Once a connection to the desired resource has been established, it is helpful to get search for variables of interest to our search query. To this end, we will use the `hpds::find.in.dictionary` function to search for variables in the data dictionary.

In [39]:
found_terms <- hpds::find.in.dictionary(resource = resource, term = "Sex of participant")

In [47]:
# View information about the "Sex of participant" variable for the "(SAGE)" study
for (val in hpds::extract.entries(found_terms)) {
    if (stringr::str_detect(val$name, "(SAGE)")) {
        print(val)
    }
}

$name
[1] "\\NHLBI TOPMed: Study of African Americans, Asthma, Genes and Environment (SAGE) Study\\Sex of participant\\"

$categoryValues
[1] "FEMALE" "MALE"   "NA"    

$categorical
[1] TRUE

$patientCount
[1] 2106

$observationCount
[1] 2106

$HpdsDataType
[1] "phenotypes"



Given the above dictionary entry shows that we can select "FEMALE", "MALE", or "NA" for gender.  For this example lets limit our search to females.

In [49]:
hpds::query.filter.add(query = my_query, keys="\\NHLBI TOPMed: Study of African Americans, Asthma, Genes and Environment (SAGE) Study\\Sex of participant\\", values='FEMALE')

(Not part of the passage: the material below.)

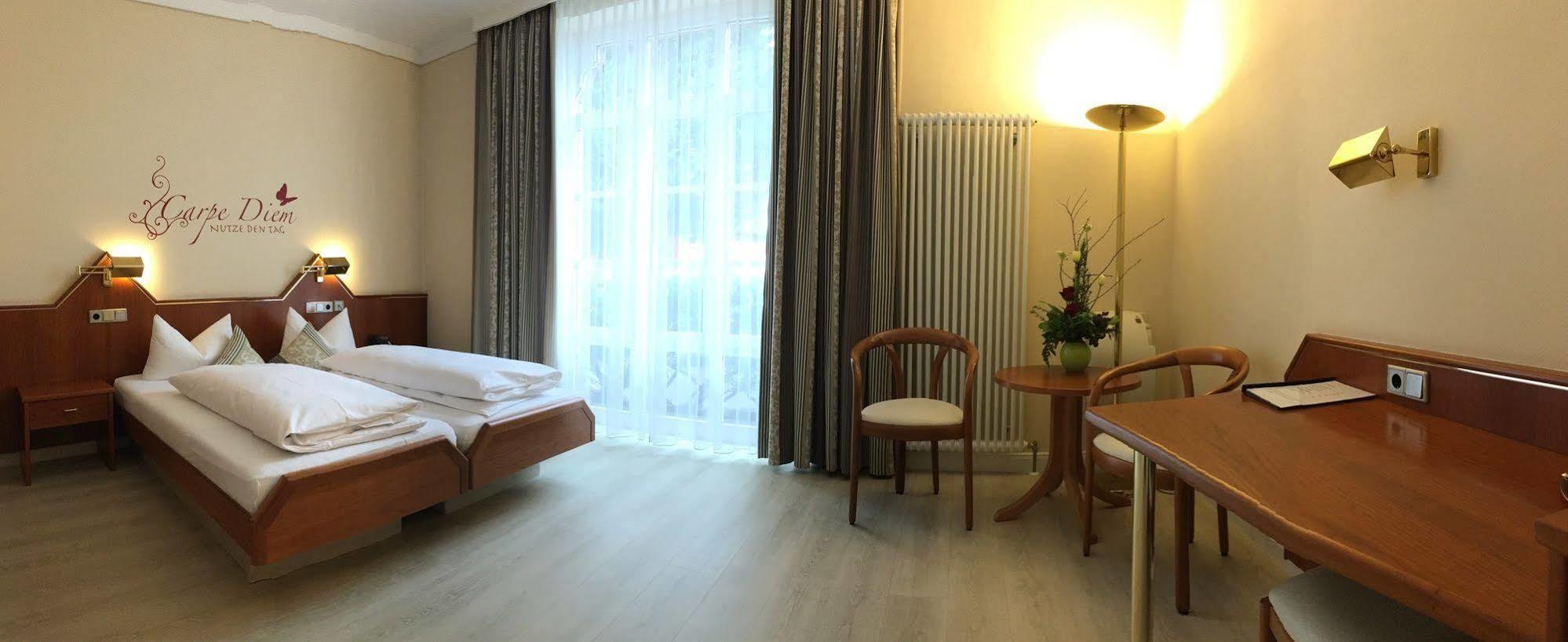 Hotel Garni Kaiserstuhl Ihringen Eksteriør billede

[1] "ERROR: cannot add, key already exists: \\NHLBI TOPMed: Study of African Americans, Asthma, Genes and Environment (SAGE) Study\\Sex of participant\\"


In [50]:
my_query$filter()$show()

{
    "numericFilters": [

    ],
    "categoryFilters": {
        "\\_Consents\\Short Study Accession with Consent Code\\": [
            "phs000921.c2"
        ],
        "\\NHLBI TOPMed: Study of African Americans, Asthma, Genes and Environment (SAGE) Study\\Sex of participant\\": [
            "FEMALE"
        ]
    },
    "variantInfoFilters": {
        "categoryVariantInfoFilters": [

        ],
        "numericVariantInfoFilters": [

        ]
    }
}
 

## Using the *variables dictionnary*

Once a connection to the desired resource has been established, we first need to get a knowledge of which variables are available in the database. To this end, we will use the `find.in.dictionary` function.

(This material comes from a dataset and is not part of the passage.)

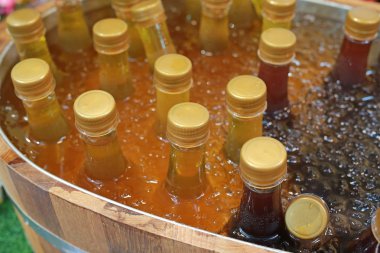 Buz ile soğutulmuş şişelerde soğuk honnydew.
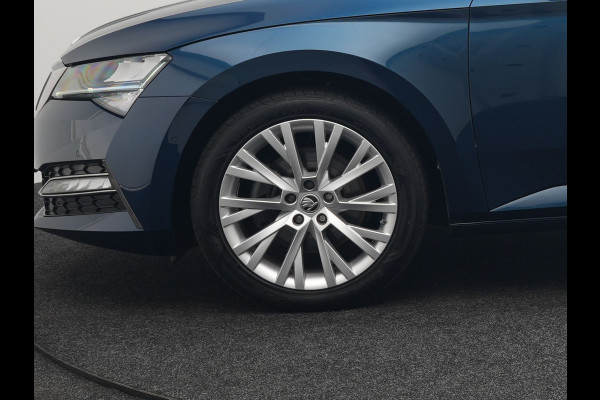 Škoda Superb Combi 1.4 TSI iV Ambition Plug In Hybrid 218pk Dealer O.H PHEV | Adaptive Cruise | Camera | Stoelen & Stuur Verwarmd | Canton Audio | Apple Carplay | Blis | Keyless | Navigatie | Virtual | DAB |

For instance, looking for variables containing the term `COPD` in thein names is done this way:

In [None]:
dictionary_search <- hpds::find.in.dictionary(resource, "COPD")

Four different functions can be used to retrieve results from a dictionary search: `extract.count()`, `extract.keys()`, `extract.entries()`, and `extract.dataframe()`.

In [None]:
print(list("Count"   = hpds::extract.count(dictionary_search),
           "Keys"    = hpds::extract.keys(dictionary_search)[1:3],
           "Entries" = hpds::extract.entries(dictionary_search)[1:3]))

In [None]:
df_dictionary_copd <- hpds::extract.dataframe(dictionary_search)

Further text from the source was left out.